The AMA Policy Research Perspective (PRP) was recently released, based on the data from the AMA’s 2012, 2014 and 2106 Physician Practice Benchmark Surveys.
A survey from 2016 shows that slightly more than half of overall compensation came from salary in 2016, one-third came from personal productivity, and the remainder in lesser degrees from practice financial performance, bonuses, and other sources. The major change over past years is that multiple methods of payments are on the rise, meaning that overall income was a mixture of the sources identified. In other words, while salary is still a large part of income, there has been a shift to other factors, including productivity.

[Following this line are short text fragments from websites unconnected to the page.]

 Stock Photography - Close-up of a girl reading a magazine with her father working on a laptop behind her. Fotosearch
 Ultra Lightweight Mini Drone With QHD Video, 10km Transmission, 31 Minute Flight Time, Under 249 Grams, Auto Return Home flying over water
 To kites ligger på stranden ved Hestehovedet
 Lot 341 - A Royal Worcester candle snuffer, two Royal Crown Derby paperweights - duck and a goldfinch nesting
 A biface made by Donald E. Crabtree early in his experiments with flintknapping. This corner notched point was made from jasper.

Salary is the leading compensation method for those who work in medical schools and faculty practice plans. For those doctors working in single or multi-specialty practices, compensation was more weighted toward productivity. Salary also accounted for a larger share of compensation when comparing owners to employees (69.9% vs 30.1%, respectively). Conversely, practice owners had a larger share of their compensation based on productivity compared to employees (44.7% vs 22.3%). There were some phsyicians who were ‘salary-based only’, ranging from 41% of psychiatrists on the low end to 12% of surgeons on the lower end. For Obstetrics and Gynecology, 19.2% reported salary only and 23.2 % productivity only, with the remainder a mix of various compensation methods.
Physicians most often mentioned physician specialty, time worked in practice and prior year productivity as the key drivers of determining salary. The report also looked at patient satisfaction scores. Overall, 15.3% of physicians reported that their salaries were partially based on these scores. These results can play an important role in recruitment of physicians, geographical location of practice, practice dynamics, group-member relations, and long-term earnings prospects. The study did not break down its results by gender. Gender-based salary disparity exists across all medical specialties.